Wednesday 12 March 2014

Pain predicting sleep problems in autism

Not so long ago I talked about the paper from Smith and colleagues [1] on autism and obstacles to medical [comorbidity] diagnosis and treatment (see here). Aside from the need for professionals to overcome the issue of "a lack of expressive speech" as an impediment to undertaking a thorough medical work-up when presented with a person with autism, an important theme of that paper was the requirement to see beyond autism as being the 'reason' for every single behaviour or issue that affects a person. It's not.

Indeed, the paper by Megan Tudor and colleagues [2] which makes up the material for today's post, adds to that message with their report on pain as being a predictor of sleep problems for some children/young adults with autism. Once again, my thanks go to Natasa for providing the full-text version of the paper for my blogging consumption (yum!).

The long-and-short of the Tudor paper was as follows:

  • Take two issues which have cropped up in the autism research literature more than once - sleeping issues and pain - and aim to examine "pain-related behaviors as a predictor of sleep problems in youth with parent-reported ASD using standardized parent-report measurement of both variables".
  • Mothers of a sample of 62 children/young adults drawn from a larger study [3] [note to authors, your date is wrong for this reference] were questioned using several measures including the NCCPC-R (see here) and the CSHQ [4] (open-access) looking at pain and sleep respectively. I should also note that questionnaires were completed on-line and participants received a financial incentive to complete [a large chunk of] questionnaires.
  • Results: parent-reported participant pain levels according to NCCPC-R scores "was high compared to normative information for this measure". Sleep issues were similarly elevated in the sample, particularly parasomnias. The discussion notes that pain scores were gathered across a slightly different timespan to the normative data (1 week retrospective report for the study vs. 2-hour observation period for the normative data) so one perhaps need to be a little cautious about this.
  • Some regression analysis for scores on the two instruments revealed some potentially important results. So higher pain scores "predicted higher scores on CSHQ Total Sleep Disturbance" although with an R-squared value of 0.22 this is not necessarily a straight-forward connection. 
  • Specific sleep problems including sleep duration, parasomnias and sleep-disorder breathing were also reported as being accompanied by a previous weeks pain-related behaviours and may well have had some very individual behaviours linked to them e.g. "problems with sleep duration were predicted by social communication of pain, such as comfort-seeking and being difficult to pacify" and "Parasomnias were predicted by facial communication of pain, such as grimacing or brow furrowing".
  • The authors conclude that whilst there is more to do in this area of investigation (including the important use of control groups) their results should serve as a marker for healthcare professionals when dealing with children with autism who also present with sleeping issues. To quote: "how pain and sleep problems relate to one another and may affect children's daytime functioning...". This may have some far-reaching effects in terms of how sleep issues are traditionally managed when it comes to autism and other developmental disorders.

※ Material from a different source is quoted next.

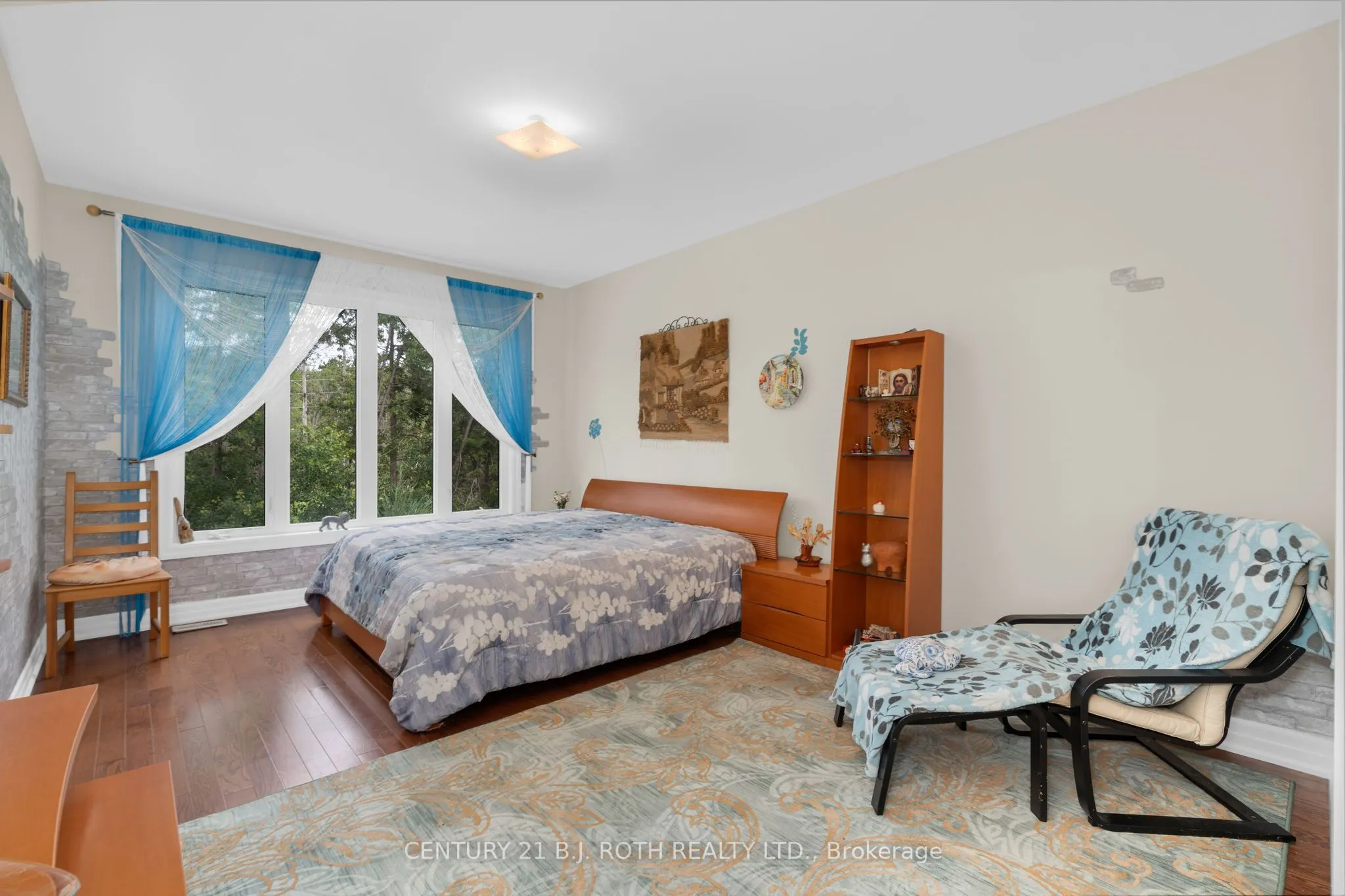 107 Allegra Drive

Going back to the my starting paragraph about autism not being to blame for every single behavioural manifestation noted among cases, I can't help but ask the question: why were parent-reported indicators of pain-related behaviours seemingly elevated in this sample? As far as I know - and I am just an outsider looking in - autism is not necessarily defined as a painful condition. Indeed, even the authors point to the possibility of a "high threshold for pain" [5] described in the DSM-IV TR diagnostic schedule for autism. Certainly if it was shown that autism 'is a painful condition', it would perhaps change some of the dialogue noted in Dr Insel's Four Kingdoms of Autism.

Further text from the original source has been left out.